*** Opening Source data ***

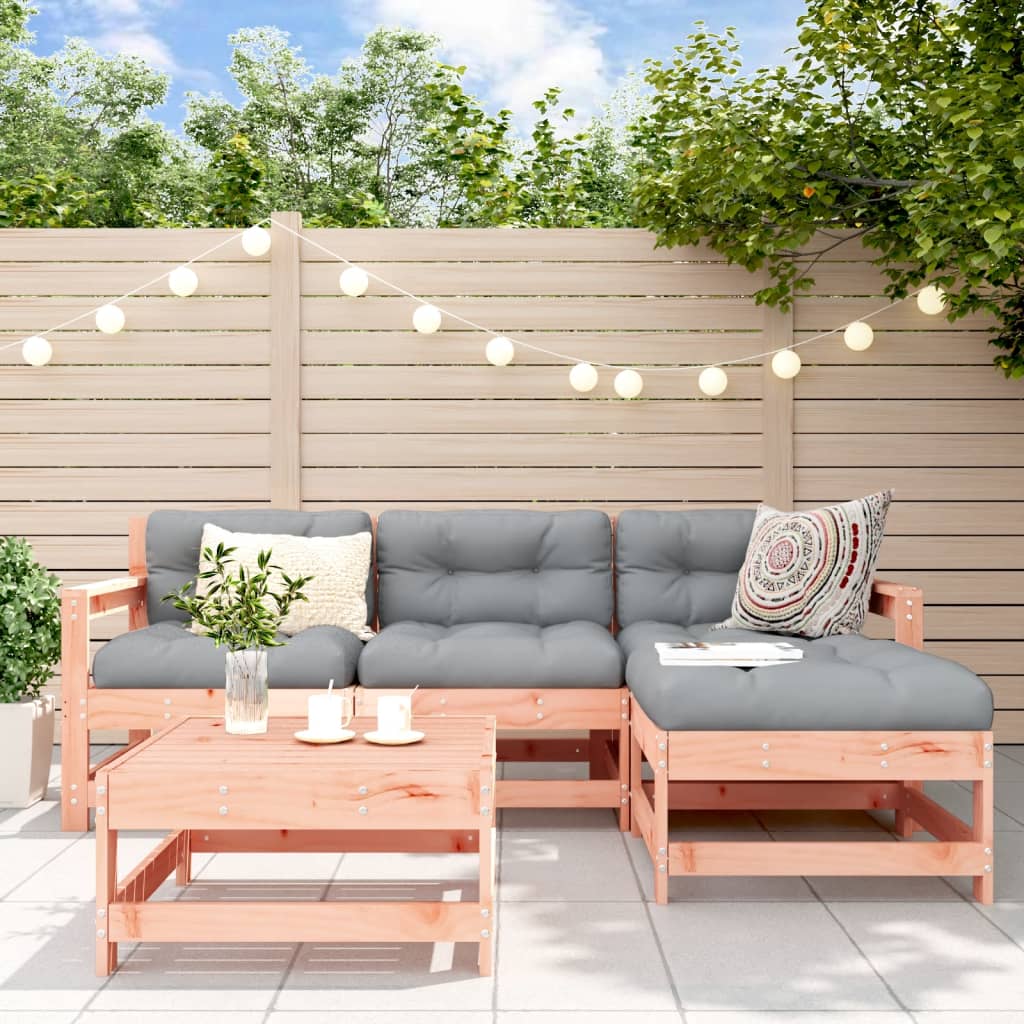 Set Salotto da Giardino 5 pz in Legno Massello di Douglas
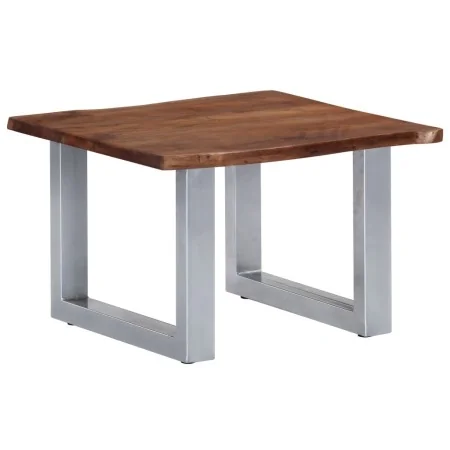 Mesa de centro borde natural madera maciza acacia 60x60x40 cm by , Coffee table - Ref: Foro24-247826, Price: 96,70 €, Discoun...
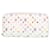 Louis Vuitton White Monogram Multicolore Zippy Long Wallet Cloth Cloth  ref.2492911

*** Closing Source data ***
*** Opening Source data ***

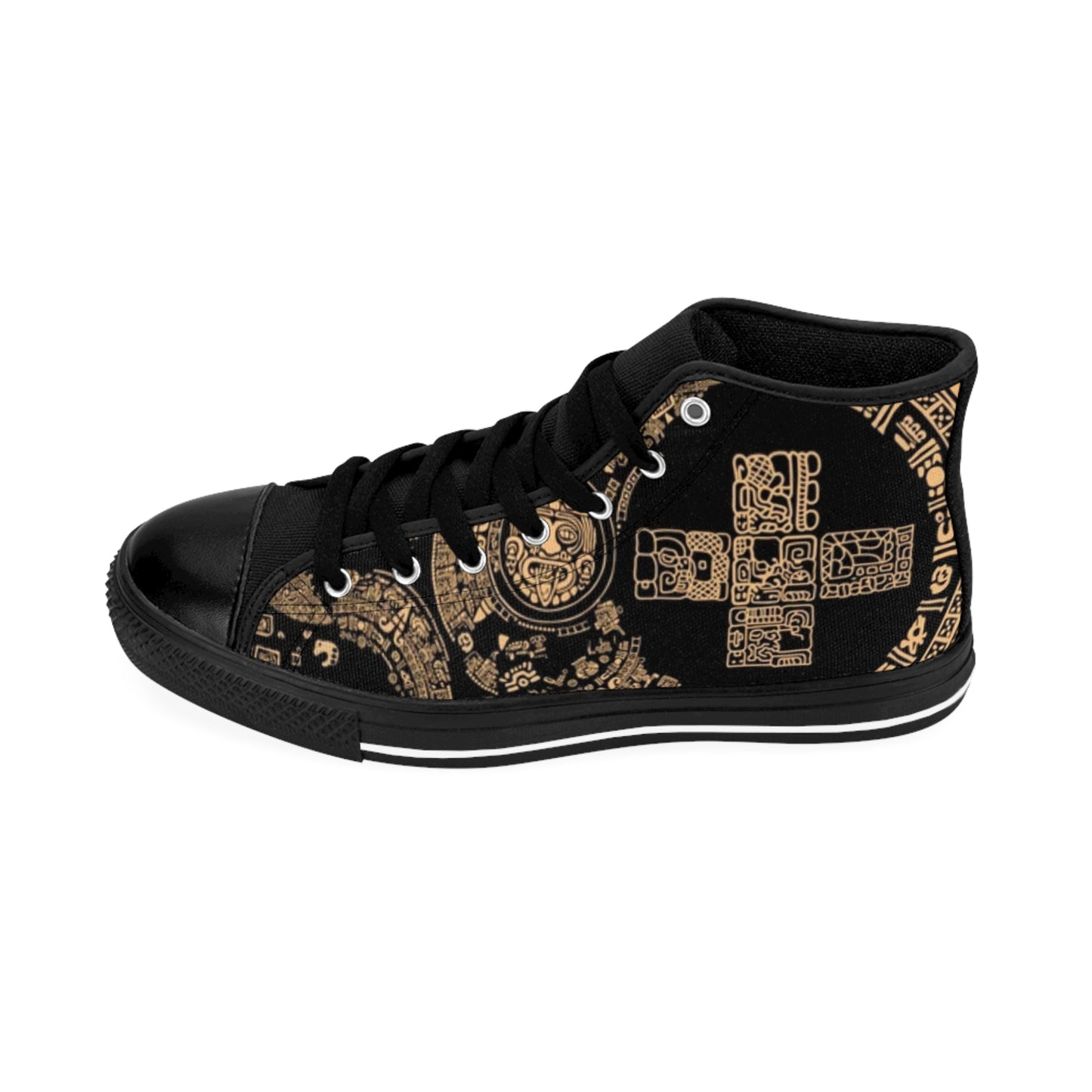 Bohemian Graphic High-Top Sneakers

*** Closing Source data ***

Find where the line with "Set Salotto da" sits in the material above and where the line with "Louis Vuitton White" sits. Set down exactly the lines from the first to the second, both included and nothing else, without pictures.

Exercise response.
 Set Salotto da Giardino 5 pz in Legno Massello di Douglas
 Mesa de centro borde natural madera maciza acacia 60x60x40 cm by , Coffee table - Ref: Foro24-247826, Price: 96,70 €, Discoun...
 Louis Vuitton White Monogram Multicolore Zippy Long Wallet Cloth Cloth  ref.2492911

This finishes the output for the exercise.